A gay marriage supporting columnist who applauded the decision of a Balfast court to fine a Christian baker for refusing to bake a cake with a pro-gay marriage message, has changed his mind. He hasn't changed his mind on gay marriage, mind you but just about the religious freedom issues.
In the next few years, many precedents will be set on this issue of religious freedom and it's important we win these cases. Arguments like this can change minds. As Christians, I know we're trying to win hearts and minds and souls. But for now, we must focus on minds.
Ashers’ religious justifications are, to my mind, theologically unsound. Nevertheless, on reflection the court was wrong to penalise Ashers and I was wrong to endorse its decision.
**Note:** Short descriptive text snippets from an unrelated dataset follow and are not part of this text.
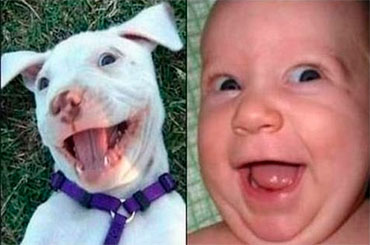 No hay pareja más adorable que un bebé con su perro. 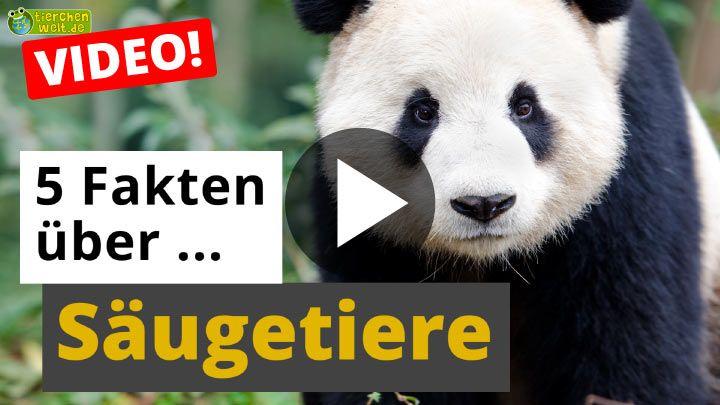 Mit tieren videos Video: Verantwortungsvoller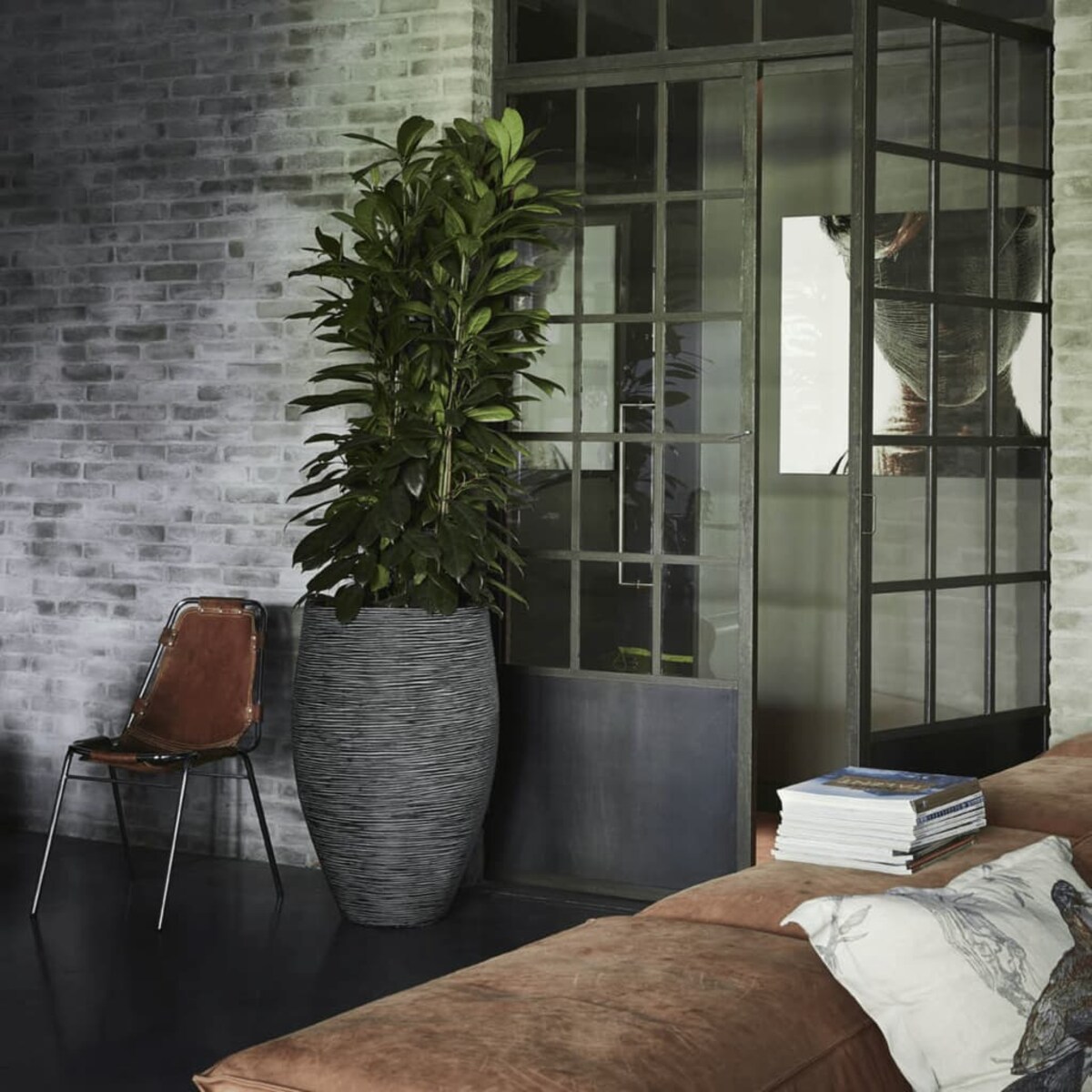 Capi Donica Nature Rib Deluxe, 40x60 cm, antracytowa, KOFZ1131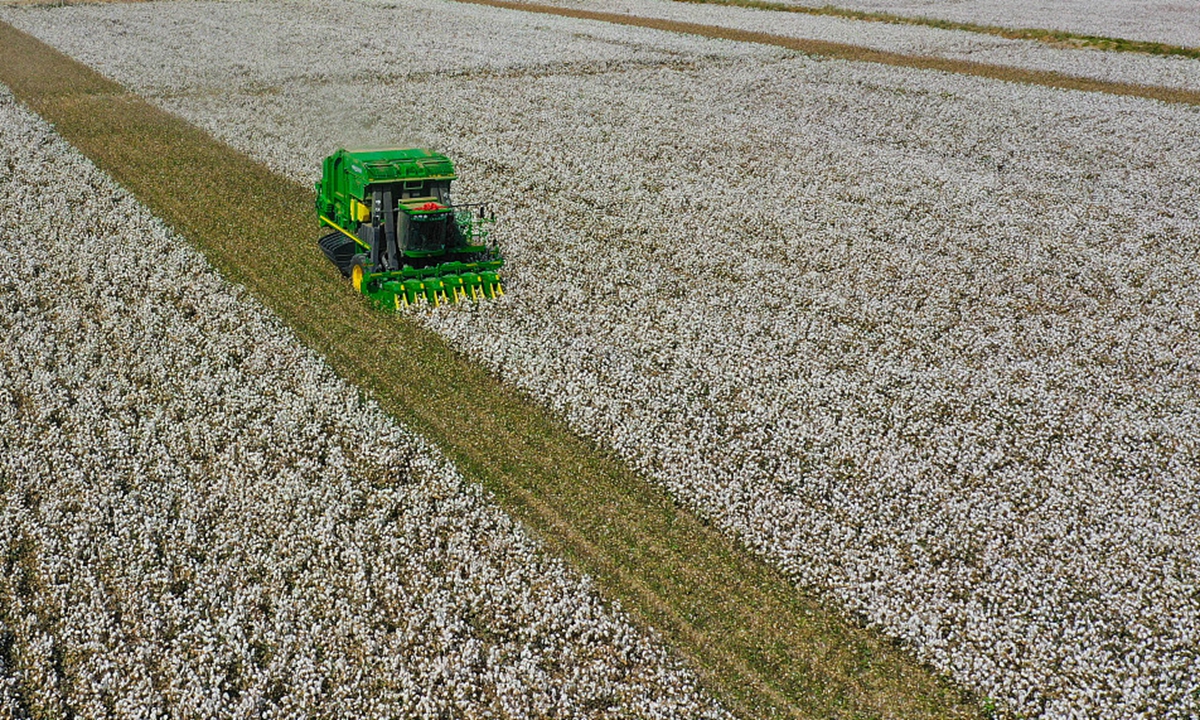 Xinjiang cotton Photo: VCG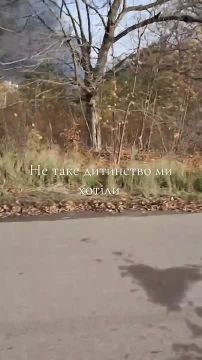 Чингис Дамбиев: Ладыжинская ТЭС после комбинированного удара ВС РФ. 30 октября 2025 года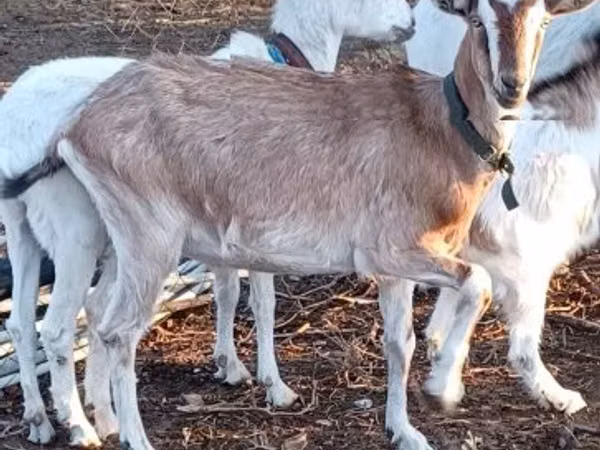 Ziegenbock, Ziegen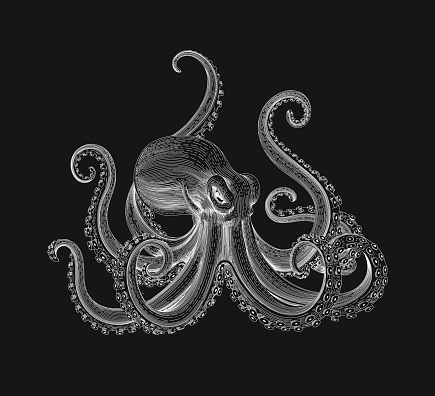 Vintage white octopus on black background. Hand drawn squid engraved ocean animal.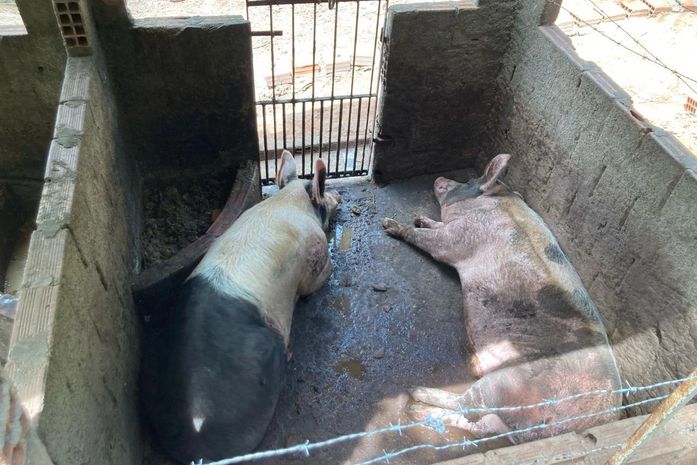 Vigilância Sanitária notifica pocilga clandestina em Maceió; animais devem ser retirados em 10 dias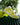 Nike Dunk Low Twist Lemon Twist - DZ2794-700 - View 2 | Next Step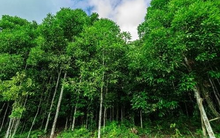 Nắm 1/3 kim ngạch toàn cầu loại gia vị lâu đời nhất thế giới, Việt Nam đã nhập khẩu bao nhiêu để trợ lực cho xuất khẩu trong năm ngoái?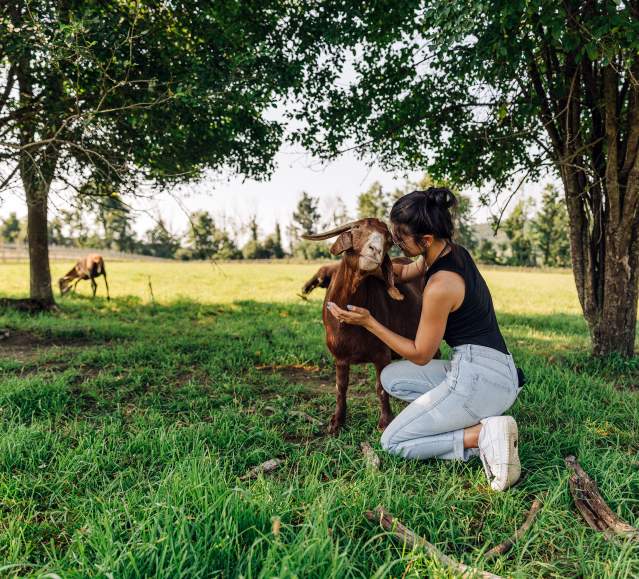 Indraloka Animal Sanctuary in Dalton, PA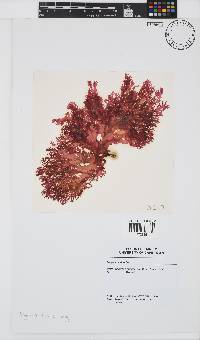 Image of Halymenia durvillei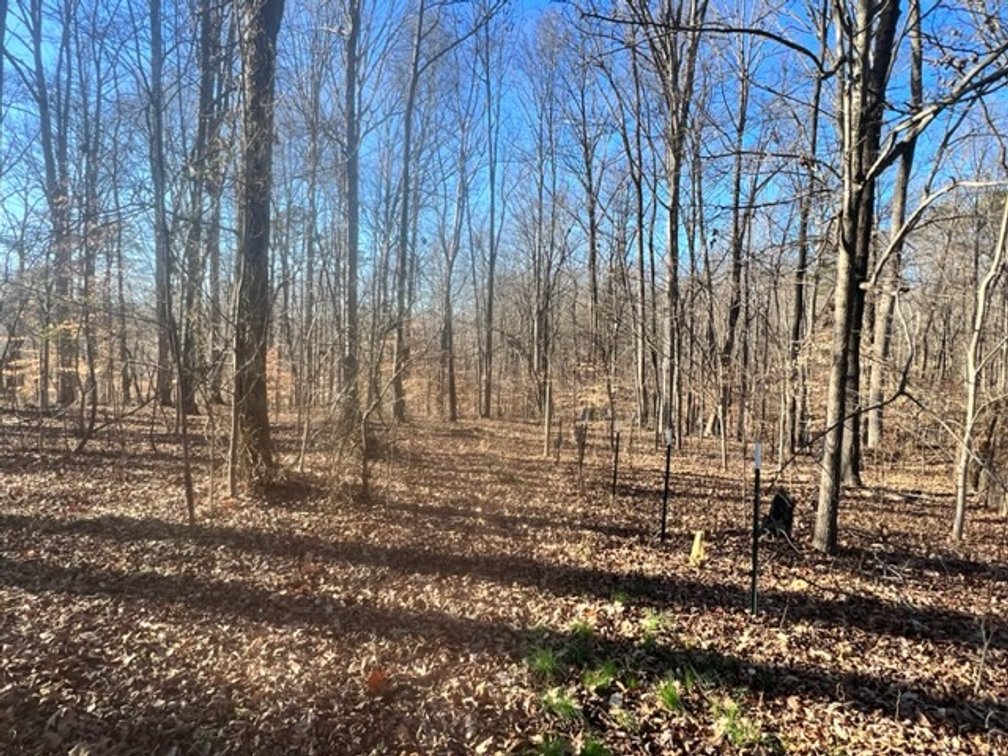 Image for 112 Hardwood Circle-COURT ORDERED REAL ESTATE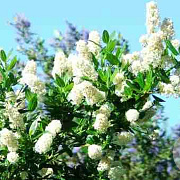 Ceanothus 'Snow Flurries' 40-45 cm 5,0L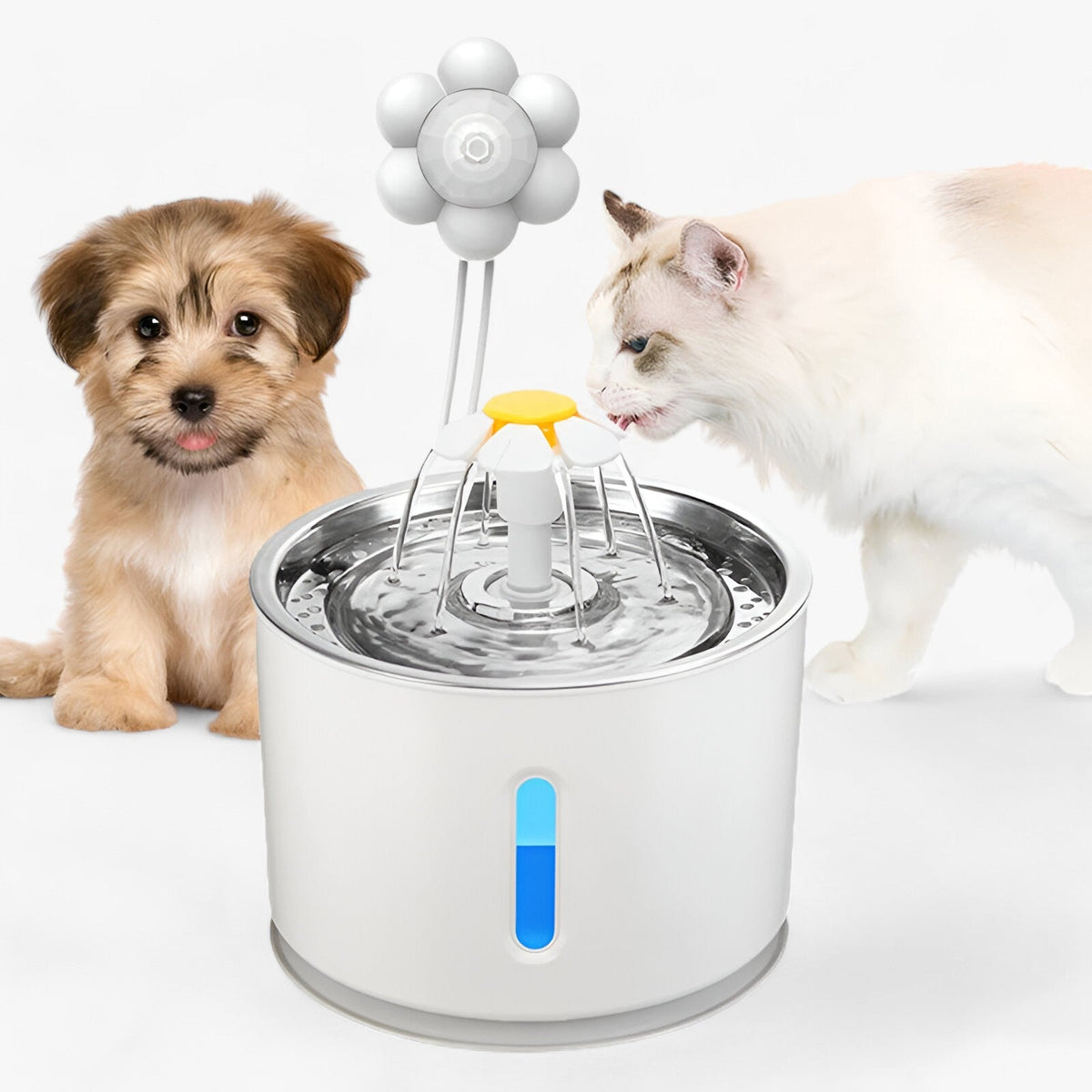 pets : Whisky | Automatische waterdispenser - Gefilterd vers water voor huisdieren in van Pantinoshop
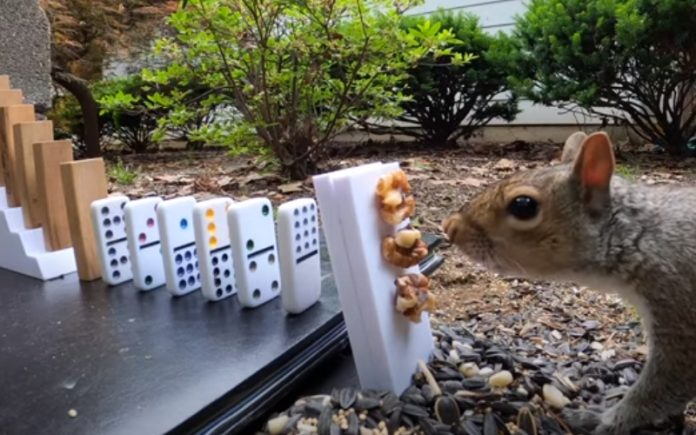 Jovem faz máquina de Rube Goldberg para dar comida a esquilos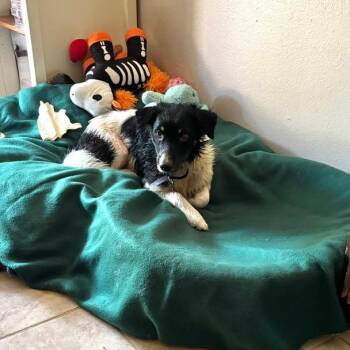 Viktor *Arriving 11/6* D12957 -  Border Collie and Spaniel Dog for Adoption - Viktor *Arriving 11/6* D12957 | PetCurious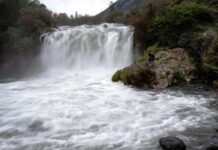 भारतीय महिला का पाकिस्तान में मिला शव, स्थानीय लोगों ने किया ये काम……..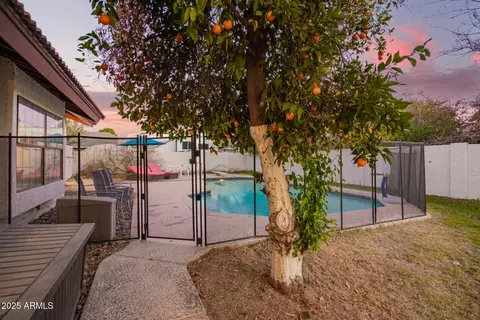 Other - 3457 Ellis St, Mesa, AZ 85213 photo 26 of 32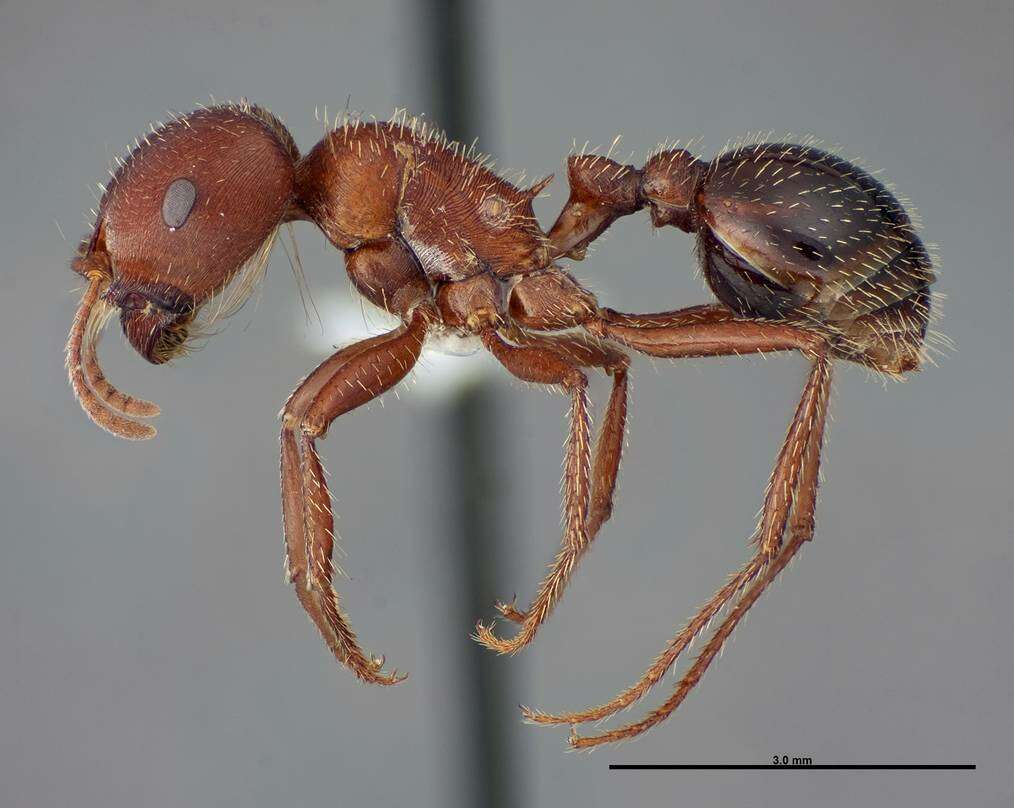 Image of Bicolored Harvester Ant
The law suit against the bakery was well-intended. It sought to challenge homophobia. But it was a step too far. It pains me to say this, as a long-time supporter of the struggle for LGBT equality in Northern Ireland, where same-sex marriage and gay blood donors remain banned. The equality laws are intended to protect people against discrimination. A business providing a public service has a legal duty to do so without discrimination based on race, gender, faith and sexuality.
However, the court erred by ruling that Lee was discriminated against because of his sexual orientation and political opinions.
The Ashers verdict could encourage far-right extremists to demand the promotion of anti-migrant and anti-Muslim opinions
His cake request was refused not because he was gay, but because of the message he asked for. There is no evidence that his sexuality was the reason Ashers declined his order. Despite this, Judge Isobel Brownlie said that refusing the pro-gay marriage slogan was unlawful indirect sexual orientation discrimination. On the question of political discrimination, the judge said Ashers had denied Lee service based on his request for a message supporting same-sex marriage. She noted: “If the plaintiff had ordered a cake with the words ‘support marriage’ or ‘support heterosexual marriage’ I have no doubt that such a cake would have been provided.” Brownlie thus concluded that by refusing to provide a cake with a pro-gay marriage wording Ashers had treated him less favourably, contrary to the law.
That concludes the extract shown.